Right off the top you gals, this one is a tough read.
Not tough in the sense that it’s a slog or that you have to push your way through. Kind of the opposite, actually. I was propelled through this book, captivated by it, couldn’t put it down. I usually read on the train on my way to work, but this is the first time I can remember that I would read all day before my shift, read while walking to and from transit, and only put it away when my boss started giving me the side eye. It’s not the writing that’s tough, it’s the subject. This book is about hunger, yeah, but it’s also about suffering and humiliation, about craving love and comfort and acceptance, about never finding it, or finding it and not recognizing it, finding it and losing it, finding it and having it not be enough. This book is about a lot of things and none of them are easy.
When Gay was a small child she went through something horrendous, something that changed her and altered the course of her entire life. I’m not going to get into what the event itself actually is (I tried a couple of times and just…read the book. Gay was there, it happened to her, and she’s a better writer than me anyways), but I will warn you that it does have to do with sexual violence and it’s…very difficult to read. Gay’s great talent as a writer is her voice, her ability to make you empathize and relate to her, to connect with and feel like you understand her. In anything else of hers that I’ve read that’s a strength, and it’s a strength here too, it’s just a complicated one. It hurts to watch somebody you’re connecting with suffer so much.

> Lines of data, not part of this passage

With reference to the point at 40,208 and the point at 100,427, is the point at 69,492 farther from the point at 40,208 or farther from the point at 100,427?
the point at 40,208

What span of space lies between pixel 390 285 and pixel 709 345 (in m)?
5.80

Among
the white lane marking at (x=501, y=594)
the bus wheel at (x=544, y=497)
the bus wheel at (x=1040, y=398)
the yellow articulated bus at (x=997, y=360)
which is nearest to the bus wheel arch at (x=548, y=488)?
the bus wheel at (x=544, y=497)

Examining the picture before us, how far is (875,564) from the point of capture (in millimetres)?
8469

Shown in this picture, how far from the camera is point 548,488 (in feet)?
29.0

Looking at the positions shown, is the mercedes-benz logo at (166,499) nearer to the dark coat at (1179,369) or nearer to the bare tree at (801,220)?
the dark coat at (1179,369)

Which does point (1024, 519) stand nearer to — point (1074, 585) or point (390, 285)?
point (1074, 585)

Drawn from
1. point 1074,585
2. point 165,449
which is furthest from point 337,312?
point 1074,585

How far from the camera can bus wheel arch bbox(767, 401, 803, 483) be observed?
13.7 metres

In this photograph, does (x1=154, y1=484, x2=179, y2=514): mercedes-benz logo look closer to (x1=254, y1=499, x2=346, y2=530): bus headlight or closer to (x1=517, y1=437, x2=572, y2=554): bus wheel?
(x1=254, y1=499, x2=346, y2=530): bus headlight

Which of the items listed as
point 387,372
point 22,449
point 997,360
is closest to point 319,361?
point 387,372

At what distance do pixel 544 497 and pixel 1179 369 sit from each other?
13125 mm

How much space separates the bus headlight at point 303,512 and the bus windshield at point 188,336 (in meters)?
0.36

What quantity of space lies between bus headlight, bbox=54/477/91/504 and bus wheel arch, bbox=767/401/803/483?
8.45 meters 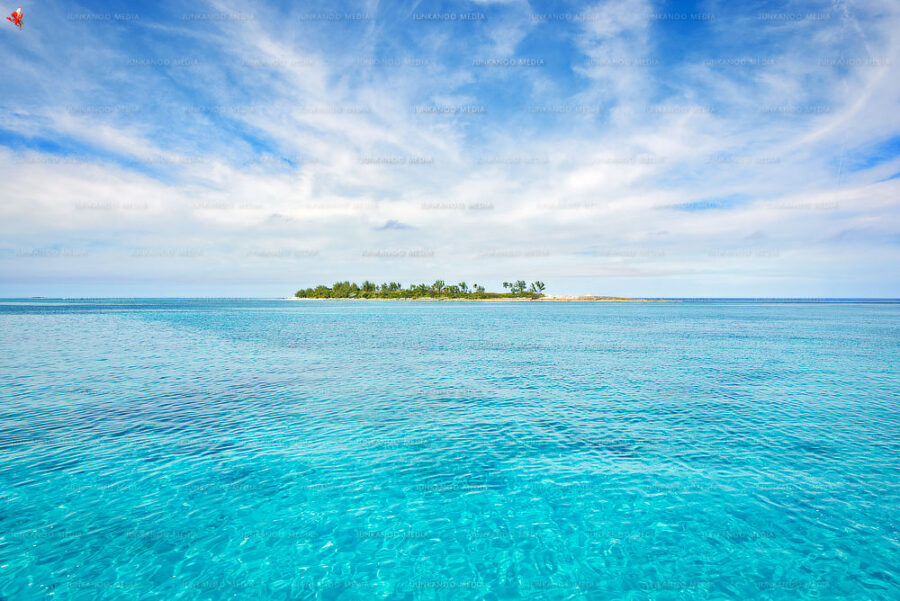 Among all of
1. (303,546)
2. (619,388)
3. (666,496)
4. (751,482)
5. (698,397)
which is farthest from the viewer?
(619,388)

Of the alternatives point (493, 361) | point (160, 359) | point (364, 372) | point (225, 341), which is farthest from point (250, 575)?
point (225, 341)

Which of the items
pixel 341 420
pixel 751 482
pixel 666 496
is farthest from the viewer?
pixel 341 420

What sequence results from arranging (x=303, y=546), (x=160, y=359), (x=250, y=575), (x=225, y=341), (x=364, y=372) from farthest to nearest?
(x=225, y=341) < (x=160, y=359) < (x=364, y=372) < (x=303, y=546) < (x=250, y=575)

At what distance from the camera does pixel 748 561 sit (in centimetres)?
1073

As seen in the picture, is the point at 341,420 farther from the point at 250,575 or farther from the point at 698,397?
the point at 698,397

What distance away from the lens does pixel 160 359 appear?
40.8 m

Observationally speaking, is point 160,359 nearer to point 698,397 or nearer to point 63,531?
point 63,531

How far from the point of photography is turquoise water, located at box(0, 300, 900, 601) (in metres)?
10.2

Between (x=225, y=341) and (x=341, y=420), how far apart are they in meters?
43.7

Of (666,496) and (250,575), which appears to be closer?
(250,575)

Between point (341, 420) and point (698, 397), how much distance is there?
72.8 ft

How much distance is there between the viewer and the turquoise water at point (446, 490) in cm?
1021

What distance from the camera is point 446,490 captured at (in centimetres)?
1430

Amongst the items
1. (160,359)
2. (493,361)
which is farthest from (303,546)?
(160,359)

I’ve never read a memoir quite like this one, one so concerned with the body. It makes sense, it’s what this part of her story is all about. The invasion of it, the effort she went through to change it, the consequences of that change. She has such an interesting view of the body as well. For myself, I see my body and me as one. There’s no difference, no space, between the two. But Roxane constantly refers to her body as a structure separate from herself, as a prison, a fortress, a cage, a cave. Always things that you can either hide or be held in. For her, maybe that’s not that far from the truth. She used food to turn her body into a stronghold. Big, imposing, impregnable, but inescapable as well. Sometimes she loves her body and how strong it is, sometimes she hates the limits it puts on her, but she’s always aware of it, in a way I’ve never experienced. Things that most people take for granted are constant sources of stress and anxiety for her: shopping, going for walks with friends, getting on an airplane, going to events (she tells a story about an event that she had to speak at where there was an elevated stage, about three feet off the ground, and no stairs. After visibly struggling in front of the audience to get on to the stage, eventually having to be helped up by some of the other speakers, she sat on the flimsy, thin wooden chair that they’d placed on the stage for her and heard a crack. She was able to use the strength of her legs to take her weight off the chair enough so that it didn’t break, but she was so humiliated by the experience that she threw up in her mouth and had to swallow it), and even what she can and can’t eat in public. She says to a friend that offers her chips at one point that people “that look like me don’t get to eat food like that in public.”
Which brings me to my next point. Can we please, as a society, just stop being shitty to people about their bodies? The constant comments and intrusions that Gay has to face from people all the time, the humiliations, are unacceptable. No person should be subjected to that kind of treatment. And I know, I know, you say that you’re concerned about their health and whatever, but let’s be honest here, you’re really not. You’re trying to make yourself feel good about your own body, your own flaws, by framing somebody else’s as being worse. You’re putting someone else down to make yourself feel good. It’s what children and bullies do, so grow up and cut it the fuck out.
This book is, without a doubt, one of the rawest and most intimate memoirs I’ve ever read. And so universally human too. I felt myself constantly surprised by how relatable I found it. I may not have experienced the trauma that she has, or lived in the body she’s lived in, or done the things she’s done, but I kept seeing myself in her reactions and desires. Her hungers are the ones we all feel, for food yeah, but also for love and affection and respect, safety and security and comfort. For peace. I hope she finds it.
Recommended for those who like intimate, personal accounts of tragedy, those who like intelligent, sharp takes on difficult things we don’t often talk about, and people who don’t mind ugly crying on a bus full of strangers. Really though, read this book.